Robert Benton

  • Réalisation
  • Écriture

Détails

Âge
Nationalité
Filmographie 4 films
Récompenses 9 nominations et 3 victoires

Biographie

Robert Benton, né le 29 septembre 1932 à Waxahachie, dans le Texas (États-Unis) et décédé le 11 mai 2025, était un scénariste et réalisateur américain, surtout connu pour ses films à la fois intimes, humanistes et portés par une écriture subtile. Son nom n’est peut-être pas aussi souvent cité que ceux des grands réalisateurs de son époque, mais Robert Benton a contribué à faire évoluer le cinéma hollywoodien des années 1970 et 1980 en injectant dans ses histoires une sincérité rarement ostentatoire, toujours touchante.

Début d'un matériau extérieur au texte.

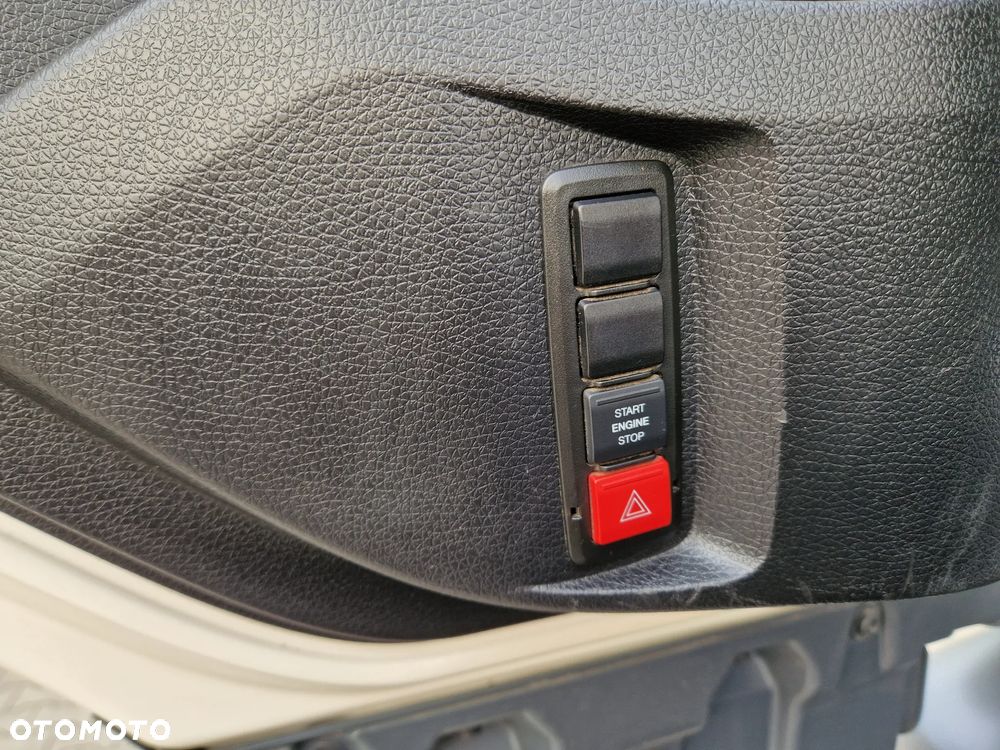 MAN TGS 18.470 4x2 BL/ NAUKA JAZDY/ 2023r/ HYDRAULIKA/ 4 PODUSZKI TYŁ/ LEKKA 7431kg Brutto - 13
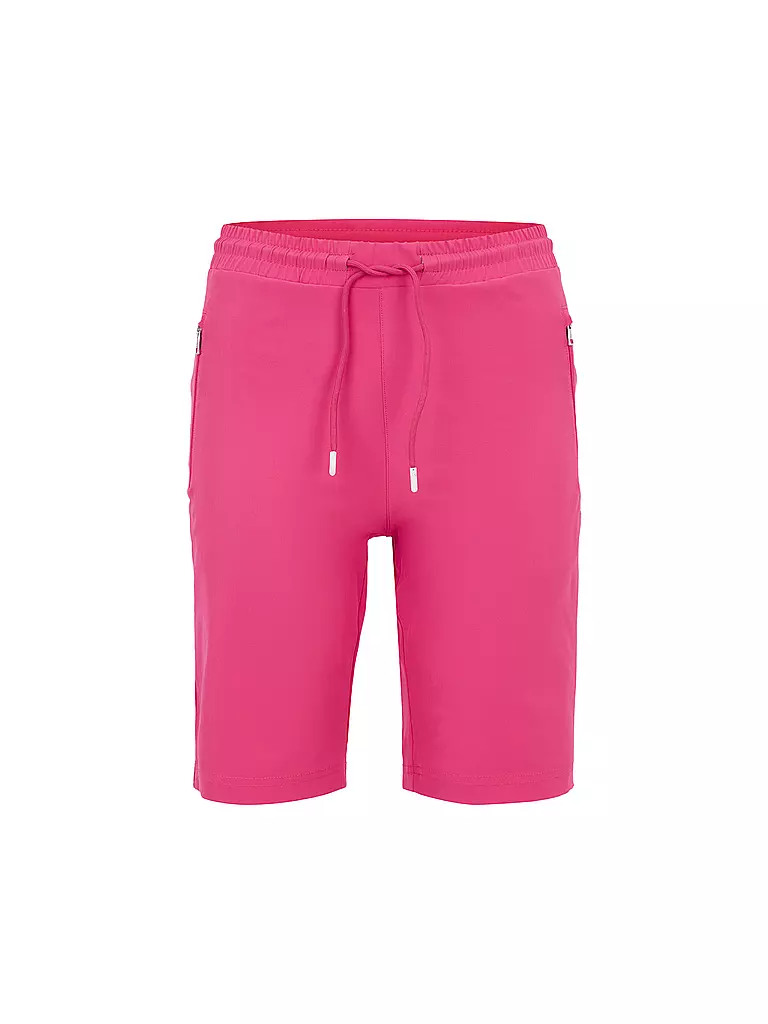 JOY SPORTSWEAR | Damen Bermuda Romy | pink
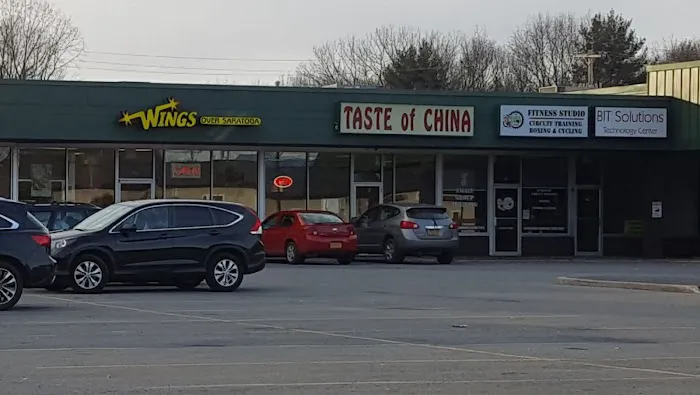 Taste of CHINA 3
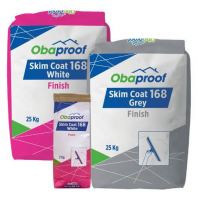OBAPROOF SKIM COAT 168 FINISH OBAPROOF SKIM COAT 168 FINISH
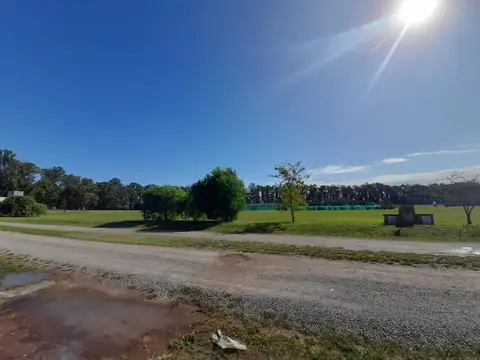 Terreno en Venta en Santa Ines, USD 32.000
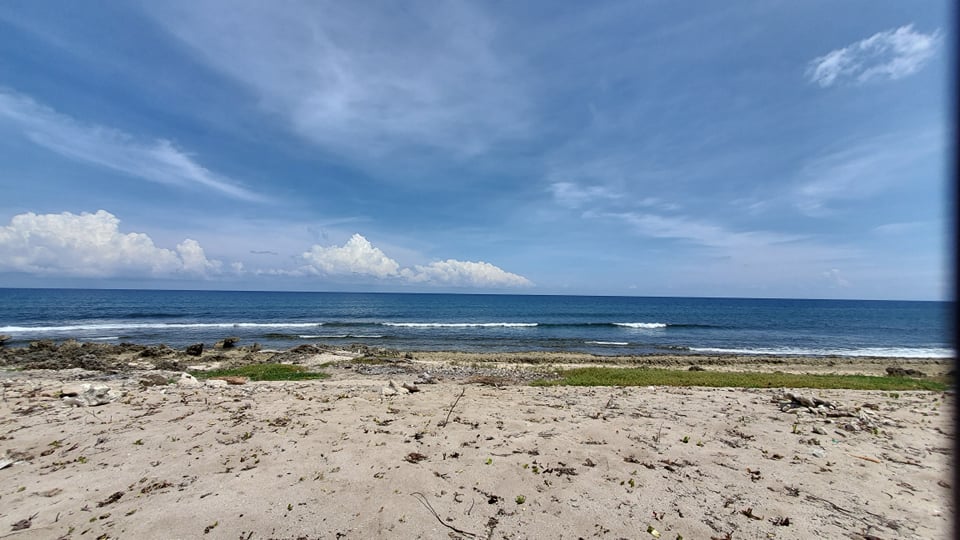 Listing ID: URE0611, Swanish Bay Utila, Bay Islands, HN - Swanish Bay Waterfront Lot 5, Photo #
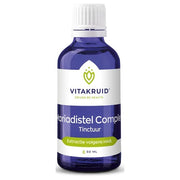 Vitakruid Milk Thistle Complex Tincture 50ml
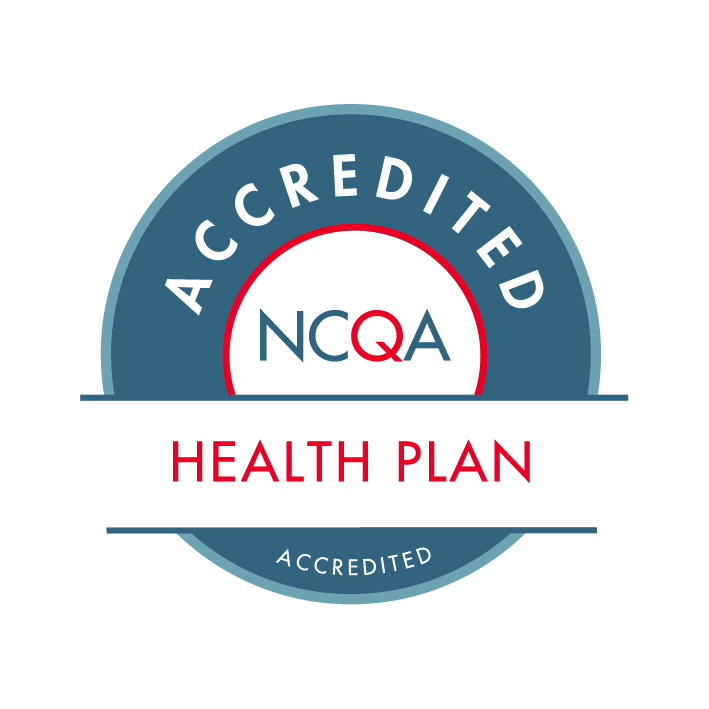 NCQA logo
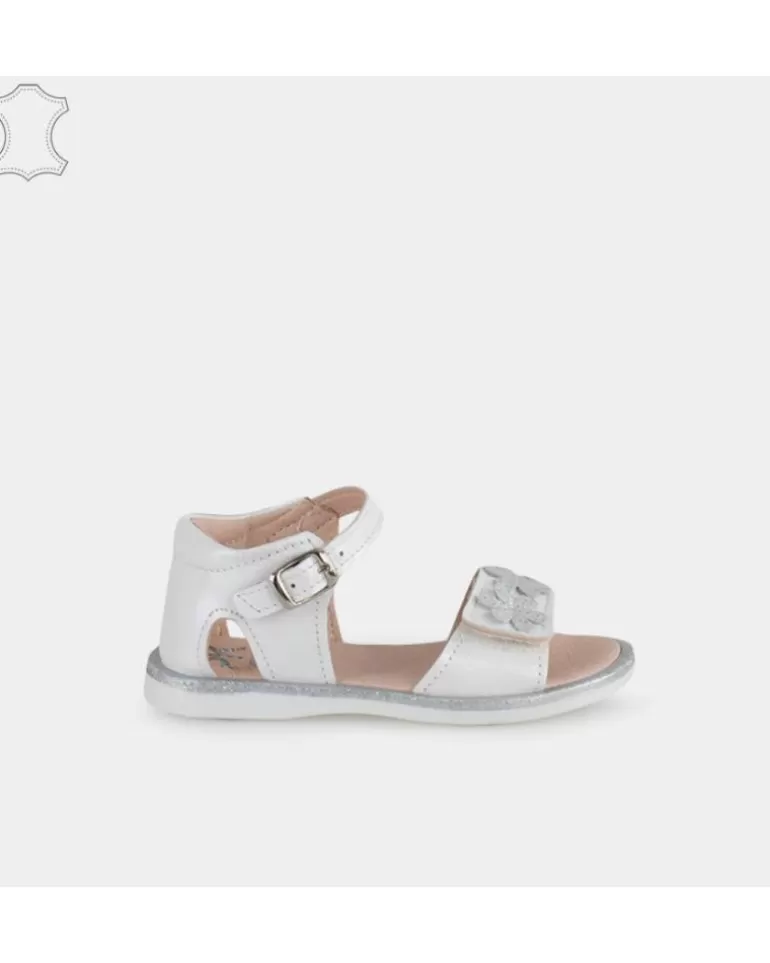 OTRAS MARCAS Sandalias De Niña 2106536 Blanco Fashion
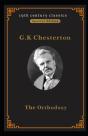 Orthodoxy (19th Century Classics Illustrated Edition) - Preview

Avant de se lancer dans le septième art, Robert Benton travaille dans le milieu de la presse écrite, notamment pour le magazine Esquire. Une formation littéraire qui explique sans doute la finesse psychologique de ses scénarios et son goût marqué pour les dialogues bien construits. À l’écran, cela donne des films souvent simples en apparence, mais d’une profondeur émotionnelle durable.

Des débuts remarqués avec Bonnie and Clyde : écrire pour une génération en rupture

Le premier grand coup d’éclat de Robert Benton vient en tant que scénariste. En 1967, il coécrit Bonnie and Clyde avec David Newman. Le film, réalisé par Arthur Penn, révolutionne le cinéma américain par sa violence graphique, son ton anti-establishment et sa construction narrative inspirée de la Nouvelle Vague française.

Bonnie and Clyde devient un classique instantané, remettant en question les codes du cinéma hollywoodien traditionnel. Le scénario signé Robert Benton capte l’air du temps, entre frustration sociale et romantisme noir. Il ouvre la voie au Nouvel Hollywood, cette période où les auteurs prennent le pouvoir sur les studios.

Un réalisateur sensible aux failles humaines

Après ce succès d’écriture, Robert Benton passe rapidement à la réalisation. Son style est sobre, attaché aux personnages et à leurs failles, sans jamais tomber dans le mélodrame. En 1979, il écrit et réalise Kramer vs. Kramer, qui deviendra son film le plus célèbre. Porté par Dustin Hoffman et Meryl Streep, le long métrage traite avec une rare justesse du divorce, de la parentalité et de la reconstruction après la rupture.

Kramer vs. Kramer remporte cinq Oscars, dont meilleur film, meilleur scénario adapté et meilleure réalisation pour Robert Benton lui-même. Ce n’est pas seulement un triomphe critique et commercial, c’est aussi une œuvre profondément ancrée dans les transformations sociales de son époque — notamment la remise en question des rôles genrés dans la famille.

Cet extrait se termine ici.